Urdu scholar & Theatre Writer

S.M. Mehdi (c. 1921 – January 2015) was an Indian Urdu playwright, journalist, Marxist thinker, and cultural commentator. Known for his experimental theatre and politically engaged writing, Mehdi was a significant figure in post-independence progressive Urdu literature. His works reflect themes of identity, social justice, and literary history, often blending Brechtian technique with classical Indo-Islamic storytelling traditions.

==Early life==
Born in Barabanki zamindar (landlord) family, Mehdi completed his early education in Mustafabad, Bhopal. Mehdi was a student leader in Kanpur for BA and Lucknow for MA and actively involved with the Communist party. He later studied law and political science in Lucknow, where he became involved in student activism and aligned with leftist and communist ideologies.

He worked with the Urdu cell of the Communist party in Mumbai alongside Sajjad Zaheer, and was for his belief in the "fellowship of man".
This is where he got involved in IPTA & met some great minds in writing, poetry.

Mehdi also worked for two decades as Urdu correspondent for the Soviet Embassy in Delhi from the 1960s until 1990.

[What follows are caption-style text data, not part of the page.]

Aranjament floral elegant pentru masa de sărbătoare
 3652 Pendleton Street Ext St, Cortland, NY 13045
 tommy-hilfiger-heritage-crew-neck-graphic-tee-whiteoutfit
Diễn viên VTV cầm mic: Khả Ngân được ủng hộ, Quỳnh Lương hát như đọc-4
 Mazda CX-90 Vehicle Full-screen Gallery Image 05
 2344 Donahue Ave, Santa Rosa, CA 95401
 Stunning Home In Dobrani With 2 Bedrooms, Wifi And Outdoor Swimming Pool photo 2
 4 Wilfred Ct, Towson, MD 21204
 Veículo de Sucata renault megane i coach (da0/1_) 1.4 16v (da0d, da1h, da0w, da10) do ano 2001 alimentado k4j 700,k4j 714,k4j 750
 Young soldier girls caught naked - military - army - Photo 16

He was married to Zahra Begum who preceded him in death by a few weeks. Their granddaughter Taran is an active documentary maker.

==Literary and artistic contributions==
Mehdi wrote numerous plays and translated dramas into Urdu. He was a prolific writer for television, including shows focusing on India's composite culture. Mehdi was also a scholar of the Urdu poets Ghalib and Iqbal. He was later associated with the Indian People's Theatre Association (IPTA).

His works include Chand Tasviren, Chand Khutut (A Few Pictures, A Few Letters), Maamujaan ki Diary (DD Television show).

Mehdi's work drew inspiration from various traditions, including Brechtian theatre and the oral narrative styles of Tulsidas and Mir Babar Ali Anis.

Mehdi was a contemporary of the poet Kaifi Azmi, and is mentioned in relation to his grandchildren who shared memories of him and his home.
Together they published weeklies Mahaz and Tahrik around the Independence Era from Mumbai (then Bombay).

==Later life==
Mehdi died in Aligarh in January 2015 at the age of 94 in his sleep. His work, including his plays, translations, and writings, remains largely uncollected.